Наше исследование было направлено на анализ морского звериного промысла на Шпицбергене с точки зрения его актуальности для эпохи модернизации в России, и определение роли, которую этот промысел играл в экономике Русского Севера а) с позиции общегосударственной и б) с позиции непосредственных его участников, т.е населения Русского Севера. Исходя из этих задач, нам было важно ответить на следующие вопросы:
Какую роль играла промысловая деятельность на о. Шпицберген (Грумант) в экономике и социальной жизни населения Русского севера XVIII – н. XIX века?
Каковы были причины, заставлявшие людей отправляться на Шпицберген?
Какие социальные группы и из каких районов были вовлечены в эту деятельность?
Был ли промысел на Груманте «семейным делом», передававшимся из поколения в поколение?

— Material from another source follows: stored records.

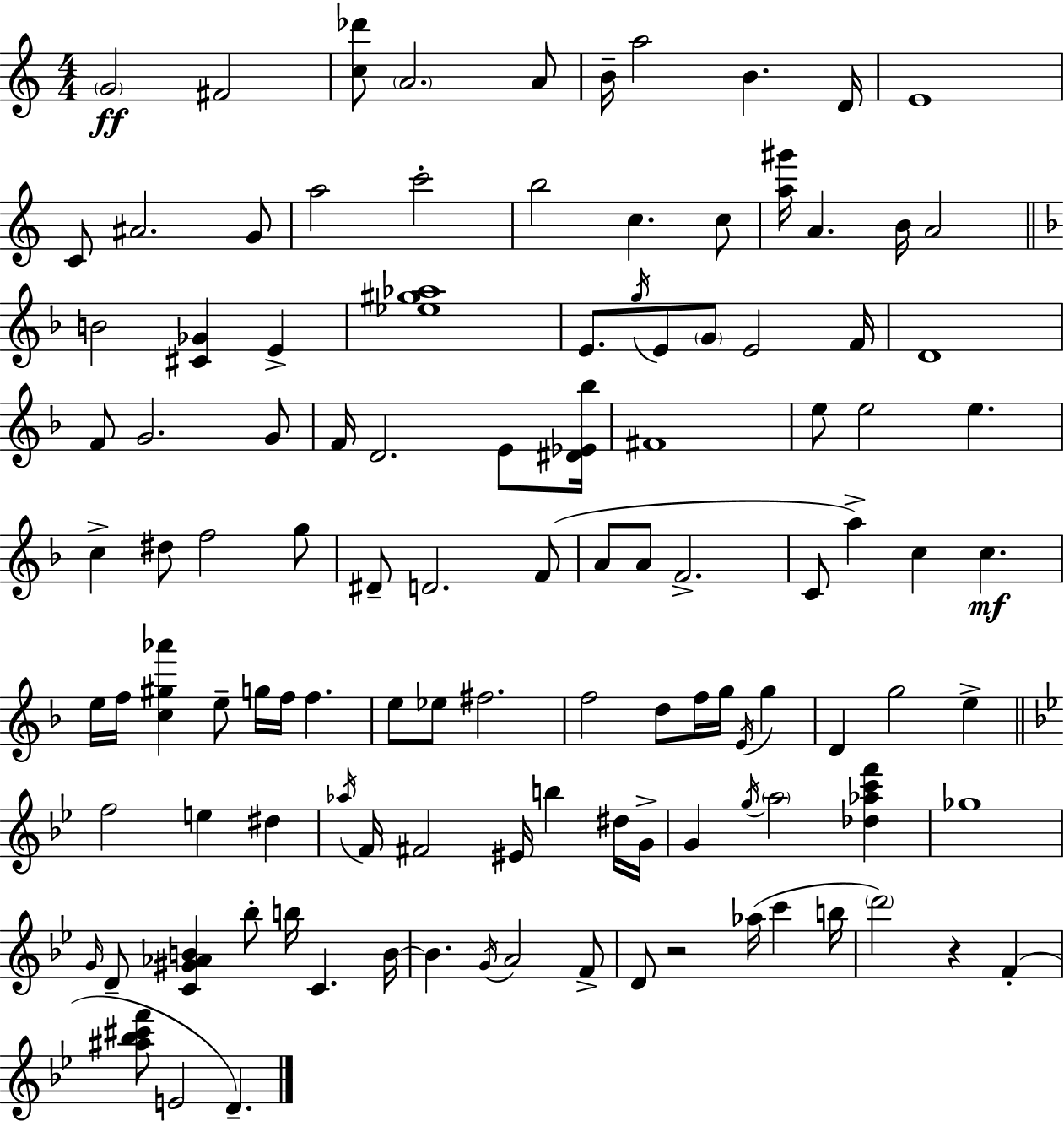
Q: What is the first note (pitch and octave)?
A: G4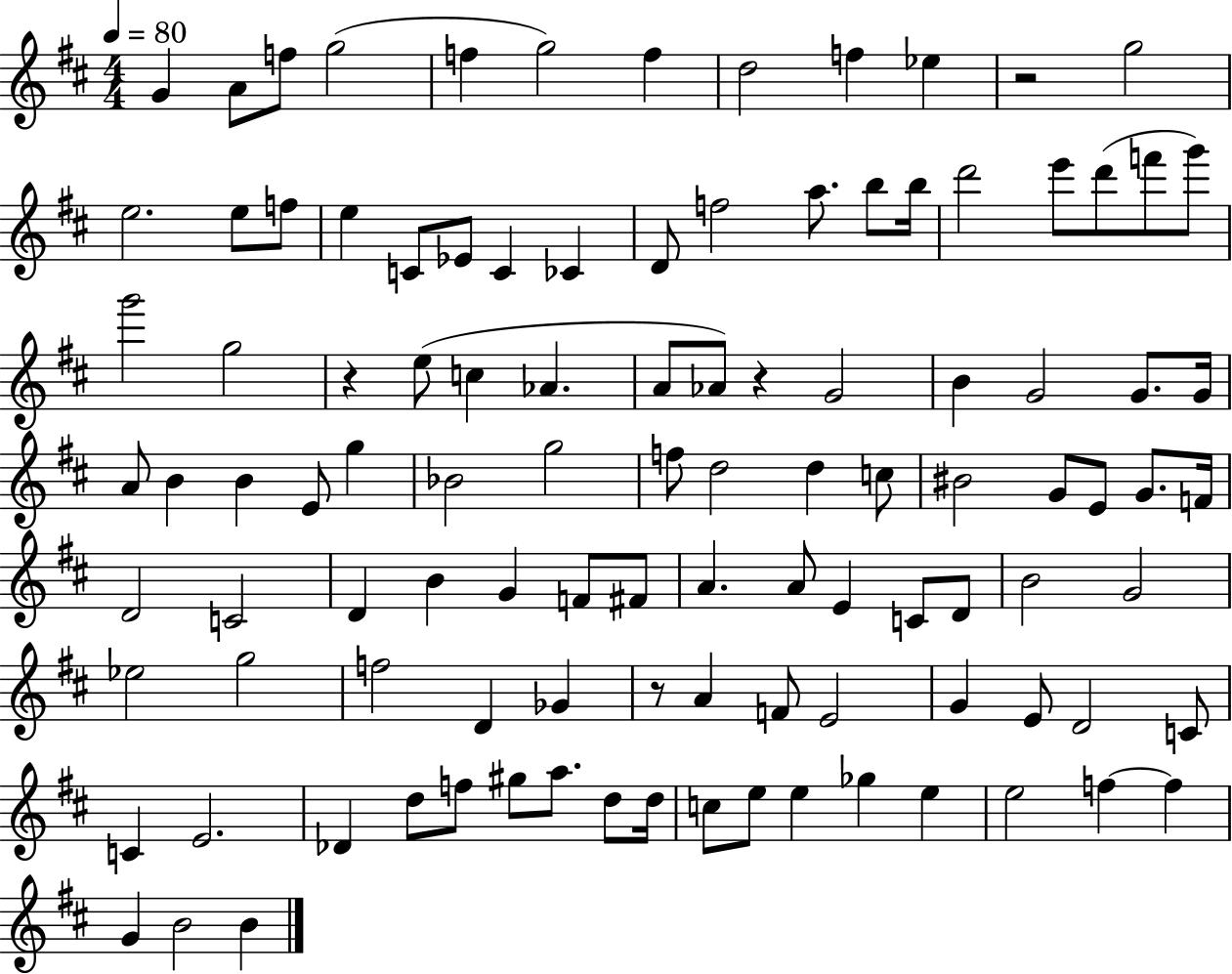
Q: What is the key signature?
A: D major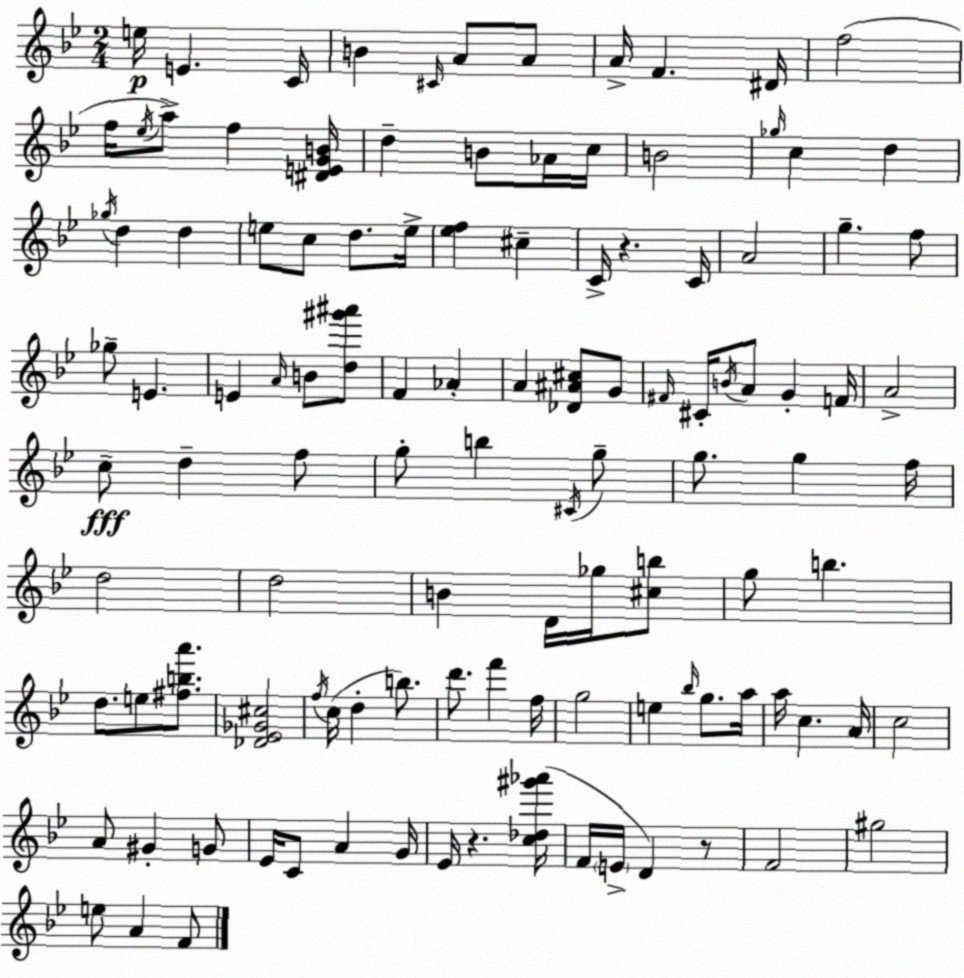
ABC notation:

X:1
T:Untitled
M:2/4
L:1/4
K:Bb
e/4 E C/4 B ^C/4 A/2 A/2 A/4 F ^D/4 f2 f/4 _e/4 a/2 f [^DEGB]/4 d B/2 _A/4 c/4 B2 _g/4 c d _g/4 d d e/2 c/2 d/2 e/4 [_ef] ^c C/4 z C/4 A2 g f/2 _g/2 E E A/4 B/2 [d^g'^a']/2 F _A A [_D^A^c]/2 G/2 ^F/4 ^C/4 B/4 A/2 G F/4 A2 c/2 d f/2 g/2 b ^C/4 g/2 g/2 g f/4 d2 d2 B D/4 _g/4 [^cb]/2 g/2 b d/2 e/2 [^fba']/2 [_D_E_G^c]2 f/4 c/4 d b/2 d'/2 f' f/4 g2 e _b/4 g/2 a/4 a/4 c A/4 c2 A/2 ^G G/2 _E/4 C/2 A G/4 _E/4 z [c_d^g'_a']/4 F/4 E/4 D z/2 F2 ^g2 e/2 A F/2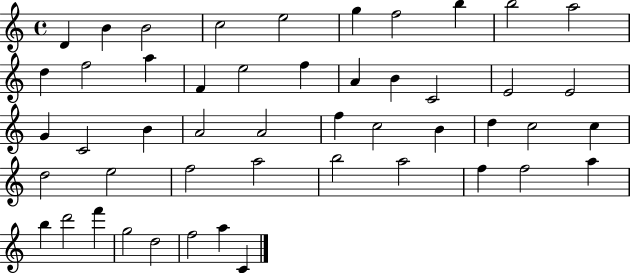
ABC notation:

X:1
T:Untitled
M:4/4
L:1/4
K:C
D B B2 c2 e2 g f2 b b2 a2 d f2 a F e2 f A B C2 E2 E2 G C2 B A2 A2 f c2 B d c2 c d2 e2 f2 a2 b2 a2 f f2 a b d'2 f' g2 d2 f2 a C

Общая характеристика экономики Русского Севера Поморская часть Русского Севера стала заселяться выходцами из Новгородской земли в XII – XIII в., и природные условия в значительной степени обусловили своеобразие хозяйства здешних жителей. Земледелие в больших масштабах было невозможно, и переселенцы создали развитую экономическую систему, нацеленную на получение рыночных товаров, пригодных к обмену на хлеб и другие продукты, необходимые для поддержания хозяйства. Отличительной чертой экономики Русского Севера является ее комплексный характер. Чтобы выжить, крестьянину приходилось использовать максимально полно все возможности и ресурсы, предоставленные суровой северной природой. И. Ф. Ушаков (Ушаков И. Ф. Избранные произведения. Т. 2. Мурманск. 1998. С. 13 — 88.), описывая быт населения Кольского полуострова в досоветскую эпоху, насчитал 30 разнообразных занятий, составлявших основу экономической жизни региона — от промысла трески до огородничества и рукоделия. При этом ни одна отрасль хозяйства не может претендовать на безусловно ведущую роль в жизни региона. Для того, чтобы понять значение охотничьих экспедиций в Арктику, следует предварительно охватить взглядом размах экономической деятельности региона в целом. Авторы Аграрной Истории Северо-Запада, оценивая экономику крестьянства Северной Двины в XVI в., подчеркивали, что земледелие все же играло в ряде мест региона важную роль (К таким результатам крестьянской селекции, в частности, можно отнести северодвинской ячмень. См.: АИСЗР. Л. 1978. С. 23-24). Недостаток пригодных к севу земель и плохие природные условия компенсировались высоким качеством обработки земли и выведением местных морозоустойчивых культур растений. Кроме того, высокого развития достигло животноводство, в котором применялись новейшие для того времени приемы, позволявшие добиваться высокой продуктивности. Важнейшую часть хозяйства составляли промыслы. Наиболее значительными из них было солеварение, рыболовство в реках и море, и охота в обширных лесах (Там же, С. 26 — 28.). Основными районами морских промыслов были Мурманский берег, Новая Земля и Шпицберген
(Грумант). Промыслы в Арктике приносили главным образом продукты моржовой и тюленьей охоты: шкуры, использовавшиеся особенно широко в производстве морских снастей, ворвань и моржовые клыки, а также меха песцов и белых медведей, шкуры северных оленей и гагачий пух. До XVIII в. основными организаторами морских промыслов выступали либо монастыри (например, Соловецкий монастырь регулярно посылал суда на Мурманские промыслы), либо частные лица, обычно купцы, которые потом и сбывали продукцию на внешнем и внутреннем рынке. Продукты звериных промыслов пользовались повышенным спросом у иностранных торговцев, что способствовало расширению географии промыслов (Новая Земля, Шпицберген). Основными продуктами промыслов на этом этапе были, повидимому, ворвань, кожи (тюленьи, моржовые, которые шли на корабельные снасти, изготовление различного рода кожаных мешков и другой тары), а также, моржовый клык – «рыбий зуб», который через Астрахань сбывали индийским и персидским торговцам, поскольку изделия из кости восточного производства в этот период начинают пользоваться повышенным спросом у европейцев, доставлявших их из Индии и Персии.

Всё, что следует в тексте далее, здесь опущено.